Retinoids show anti-tumour activity on various cancer cells and thus have been used as important therapeutic agents. However, adverse side effects and retinoic acid (RA) resistance limit its further development.

In vitro: Previous study reported the identification of luffariellolide, a natural marine product activating RA receptors (RARs) with a chemical structure distinct from retinoids by high-throughput screening. Luffariellolide was found to be a novel RAR agonist via inducing co-activator binding to RA receptors, further inhibiting cell growth and regulating RAR target genes in various cancer cells [1].

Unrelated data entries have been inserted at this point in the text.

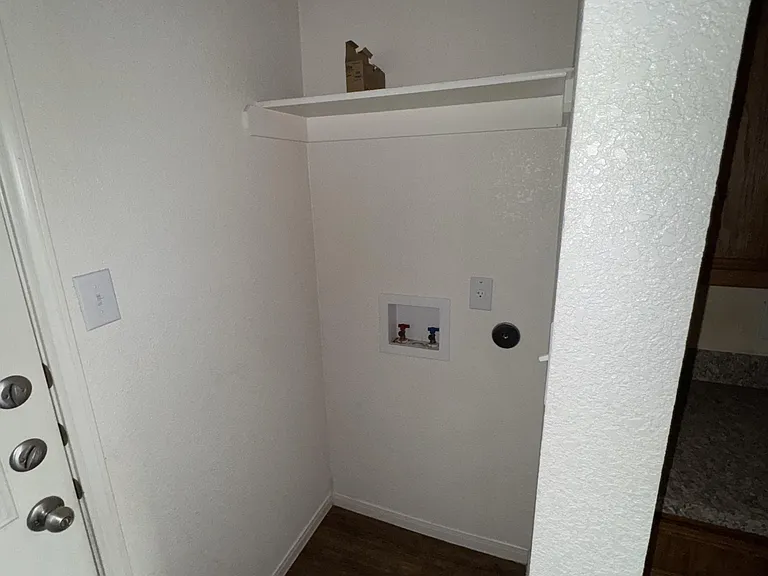 221 Gibson St #B — Photo 9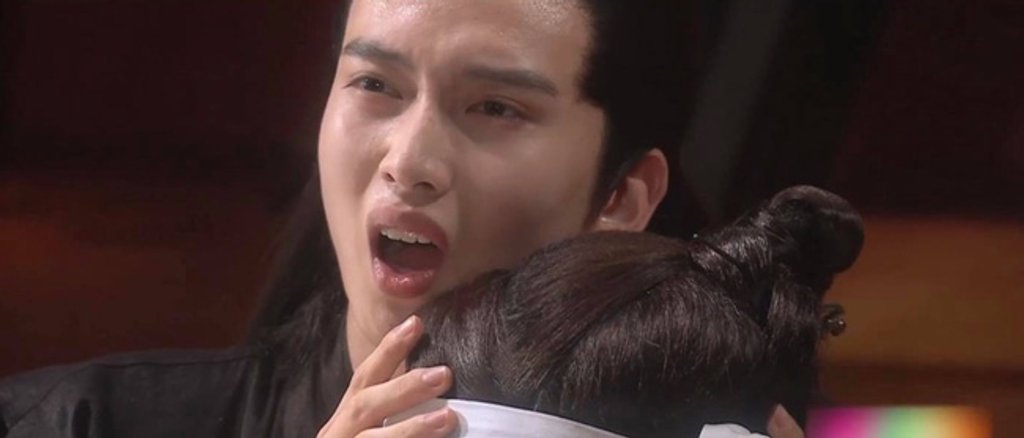 Nếu những sao nam trên đang khiến bạn đồng cảm, muốn rớt nước mắt thì đến Trần Hựu Duy bạn sẽ được quay ngược cảm xúc. Anh ấy đóng cảnh khóc mà có biểu cảm lạ lùng, khó hiểu, khiến người xem hoặc là khó chịu, hoặc cười sảng.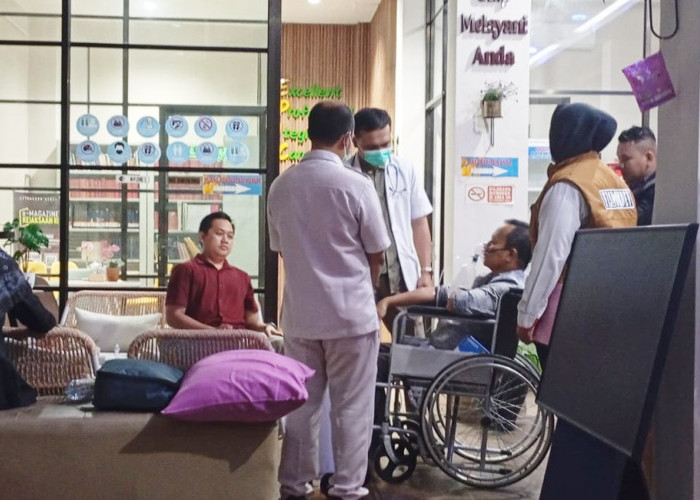 Naik Kursi Roda dan Kenakan Tabung Oksigen, Pelimpahan Eks Dirut Bank Bengkulu Ditunda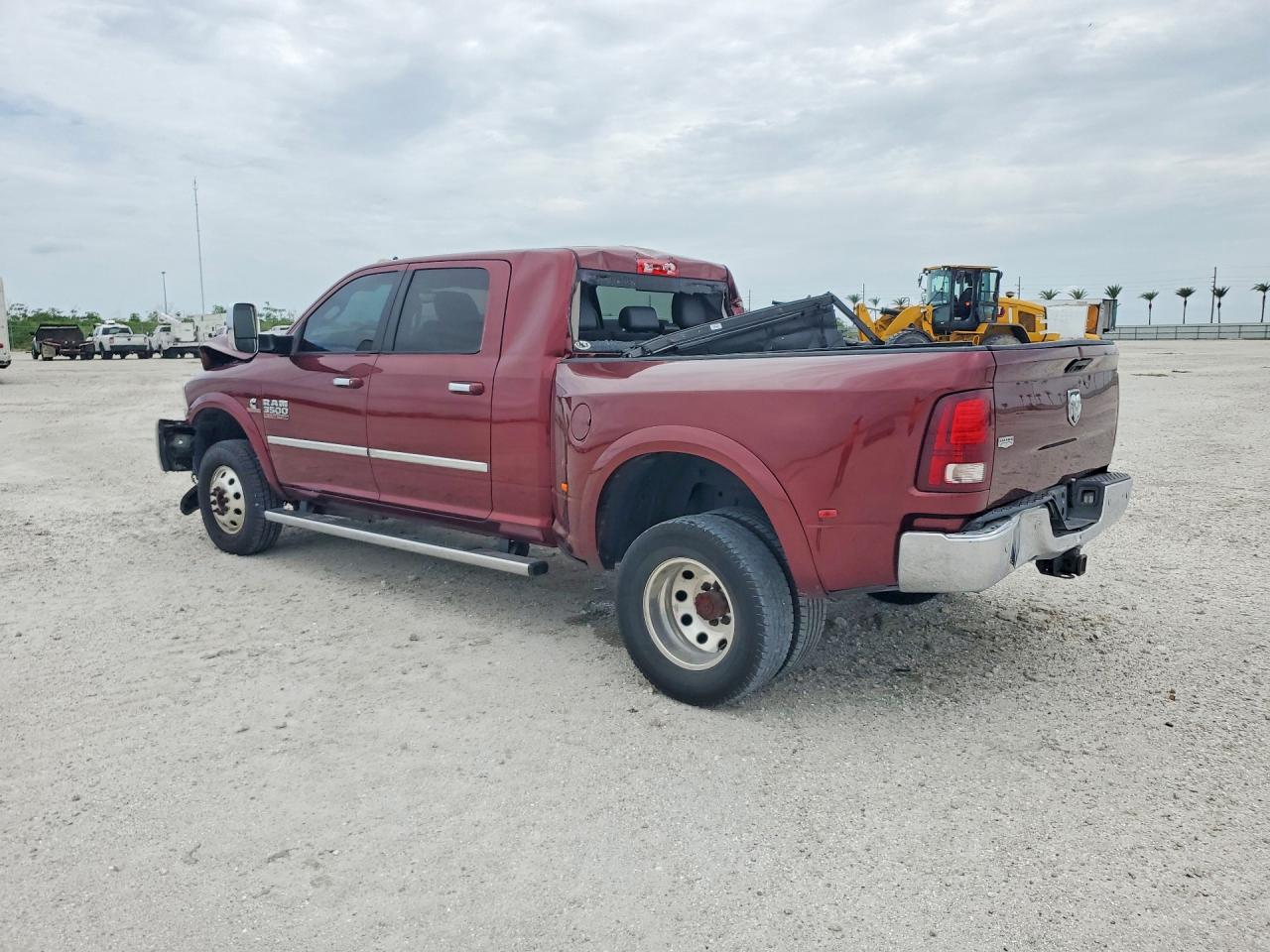 2016 RAM 3500 LARAMIE — снимка 2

In vivo: In a previous animal study, paw edema was produced in CD-1 mice by the injection snake venom PLA2 into the hind paw. It was found that luffariellolide and aristolochic acid could reduce the edema but only when coinjected with the PLA2. Similarly, the PAF antagonists, CV-6202 and kadsurenone (coinjected) were also able to reduce the PLA2-induced edema, and high doses of the corticosteroids, dexamethasone and hydrocortisone were also effective [2].

Clinical trial: So far, no clinical study has been conducted.

References:
[1] Wang S, Wang Z, Lin S, Zheng W, Wang R, Jin S, Chen J, Jin L, Li Y.  Revealing a natural marine product as a novel agonist for retinoic acid receptors with a unique binding mode and inhibitory effects on cancer cells. Biochem J. 2012 Aug 15;446(1):79-87.
[2] Calhoun, W. ,Yu, J.,Sung, A., et al. Pharmacologic modulation of D-49 phospholipase A2-induced paw edema in the mouse. Agents and Actions 27, 418-421 (1989).